═════ Data ═════

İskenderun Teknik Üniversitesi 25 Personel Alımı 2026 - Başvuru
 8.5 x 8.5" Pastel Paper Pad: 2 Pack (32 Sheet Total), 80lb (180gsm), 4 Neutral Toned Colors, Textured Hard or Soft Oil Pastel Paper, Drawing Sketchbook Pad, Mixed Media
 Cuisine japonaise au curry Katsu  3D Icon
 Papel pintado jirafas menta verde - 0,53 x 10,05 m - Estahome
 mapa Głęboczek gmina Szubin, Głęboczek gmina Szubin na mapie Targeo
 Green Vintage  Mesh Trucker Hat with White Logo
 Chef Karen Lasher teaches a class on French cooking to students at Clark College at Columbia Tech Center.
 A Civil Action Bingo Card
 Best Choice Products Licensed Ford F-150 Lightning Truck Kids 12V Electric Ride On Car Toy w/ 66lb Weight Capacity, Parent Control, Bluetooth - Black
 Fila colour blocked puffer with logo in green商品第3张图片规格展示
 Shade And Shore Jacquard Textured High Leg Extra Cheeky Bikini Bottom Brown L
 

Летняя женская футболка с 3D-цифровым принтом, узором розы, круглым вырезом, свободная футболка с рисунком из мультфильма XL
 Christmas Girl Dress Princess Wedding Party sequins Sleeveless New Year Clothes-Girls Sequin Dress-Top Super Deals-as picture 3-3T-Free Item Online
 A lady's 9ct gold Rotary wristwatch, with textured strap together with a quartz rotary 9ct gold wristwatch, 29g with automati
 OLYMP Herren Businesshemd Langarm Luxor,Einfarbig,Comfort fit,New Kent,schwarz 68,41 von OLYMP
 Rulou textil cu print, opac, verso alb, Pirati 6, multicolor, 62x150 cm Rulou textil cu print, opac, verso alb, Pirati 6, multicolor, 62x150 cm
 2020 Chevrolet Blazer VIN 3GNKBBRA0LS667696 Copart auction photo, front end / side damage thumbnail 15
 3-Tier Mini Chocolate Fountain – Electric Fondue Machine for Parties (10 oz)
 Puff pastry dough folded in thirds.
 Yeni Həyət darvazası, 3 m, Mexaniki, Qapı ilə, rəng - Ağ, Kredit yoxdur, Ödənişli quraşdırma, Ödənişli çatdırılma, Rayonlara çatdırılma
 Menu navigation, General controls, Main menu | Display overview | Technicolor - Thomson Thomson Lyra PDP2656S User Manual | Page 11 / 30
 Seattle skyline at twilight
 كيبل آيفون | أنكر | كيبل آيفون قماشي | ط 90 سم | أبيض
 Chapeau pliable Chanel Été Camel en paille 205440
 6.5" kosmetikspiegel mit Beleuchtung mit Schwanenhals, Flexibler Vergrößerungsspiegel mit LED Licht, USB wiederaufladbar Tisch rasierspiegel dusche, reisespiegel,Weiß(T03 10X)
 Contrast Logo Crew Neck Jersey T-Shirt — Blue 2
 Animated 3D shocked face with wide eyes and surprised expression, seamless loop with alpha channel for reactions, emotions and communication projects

═════

### [Problem statement]
The answer should consist of the lines from the one with "كيبل آيفون |" through the last line of the entries, duplicated exactly and nothing more.

### [Task solution]
 كيبل آيفون | أنكر | كيبل آيفون قماشي | ط 90 سم | أبيض
 Chapeau pliable Chanel Été Camel en paille 205440
 6.5" kosmetikspiegel mit Beleuchtung mit Schwanenhals, Flexibler Vergrößerungsspiegel mit LED Licht, USB wiederaufladbar Tisch rasierspiegel dusche, reisespiegel,Weiß(T03 10X)
 Contrast Logo Crew Neck Jersey T-Shirt — Blue 2
 Animated 3D shocked face with wide eyes and surprised expression, seamless loop with alpha channel for reactions, emotions and communication projects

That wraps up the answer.